Rhinaman retires from school position
STEUBENVILLE – William Rhinaman, the 53-year-old Steubenville City School District director of technology accused of lying to a special Jefferson County grand jury investigating issues related to an August 2012 rape of a Weirton teenage girl, retired effective Friday.
The city school board of education met in special session Friday to approve Rhinaman’s retirement.
Rhinaman has worked for the school district for approximately 27 years. He also worked for the Ohio Mid-Eastern Regional Education Service Agency.
The school board discussed the issue in executive session for 25 minutes before approving the single issue on the meeting agenda.
Board member Dr. Michael Giannamore abstained from voting.
“I have been the primary care physician for the Rhinaman family for the past 15 years and felt it was inappropriate for me to vote on this issue,” Giannamore said after the meeting.
Superintendent Michael McVey said the school district will contining using World Electronics on an as-needed basis for $70 an hour.
“I will meet with the school board personnel committee to prepare a list of duties of the director of technology and will advertise the job,” said McVey.
The 14-member panel has been meeting since April to determine if any adults, coaches or school administrators knew of the rape allegation but failed to report it as required by state law.
Two Steubenville High School students were convicted in March of rape and were sentenced to incarceration in the Ohio juvenile detention system.
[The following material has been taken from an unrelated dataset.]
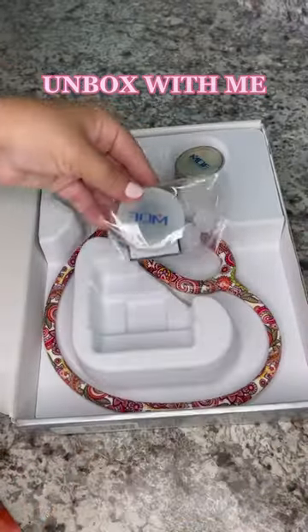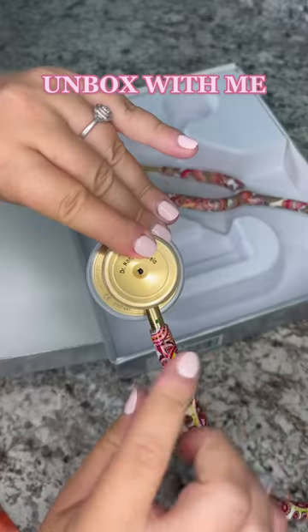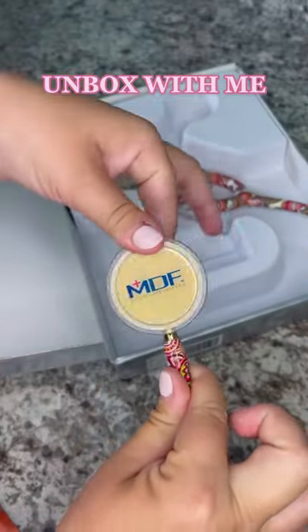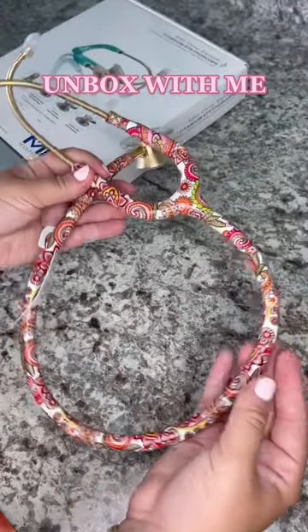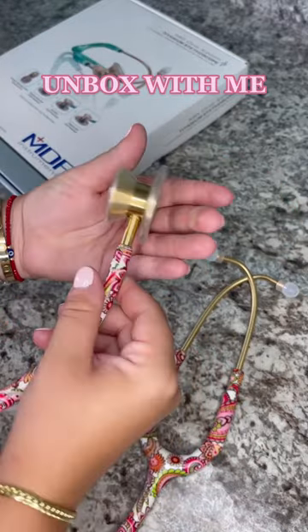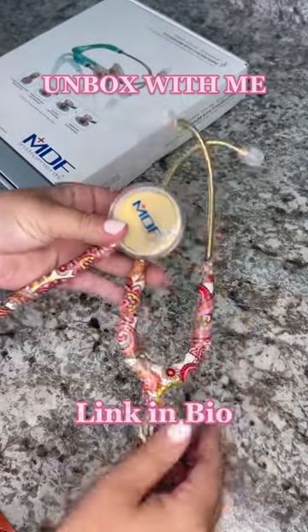Unbox with me my new stethoscope from MDF Instruments — it is so cute! This is the new Paisley Red. It has the interchangeable gold diaphragm, the design is amazing and fresh, and it has the gold hardware which is super cute. You could even personalize it. This is my favorite.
The 53-year-old Rhinaman was named in a four-count secret indictment on Oct. 7 charging him of tampering with evidence, obstructing justice, obstructing official business and perjuring himself during a six-month-long special grand jury investigation reviewing whether additional crimes were committed regarding the Steubenville teen rape case.
Rhinaman was placed on a paid leave of absence by the school board after his indictment.
Rhinaman also was placed on an unpaid leave from his part-time job at Franciscan University of Steubenville.
According to a statement released by the university, Rhinaman was an adjunct professor in the graduate education department.
“He was placed on immediate administrative leave following news of his indictment. In such circumstances, it is Franciscan University’s standing practice to place individuals on administrative leave to allow them to focus on concerns external to their work for the university,” according to a press release issued by the university.
“Mr. Rhinaman had taught computers in education on a part-time adjunct basis at the university since 2008. The university does not expect to be contacted by the authorities in this case since the issues have nothing to do with Mr. Rhinaman’s work at Franciscan University. The university would, however, fully cooperate should they request assistance with their investigation,” according to the prepared statement.
Rhinaman appeared before visiting retired Summit County Judge Patricia Cosgrove last week for a pre-trial hearing but the case was delayed when he appeared without an attorney.
Rhinaman told Cosgrove he had hired an attorney from Akron after searching the Web but said Neil Rubin was unable to attend the pre-trial hearing.
“My understanding is the paperwork wasn’t completed yet and that is why he wasn’t able to be here today,” Rhinaman told the judge.
Rhinaman’s daughter, Hannah, was indicted last month on two charges of receiving stolen property and one charge of theft.
Ohio Attorney General Mike DeWine said Hannah Rhinaman’s alleged activities were discovered during the special grand jury proceedings but noted her indictment was not related to the rape investigation.
Both Rhinamans are scheduled to appear before Cosgrove for pre-trial hearings on Dec. 6.
“The special grand jury will return to work on Nov. 18. Their work is continuing and the investigation will go where it goes. We will follow the facts,” DeWine said last week.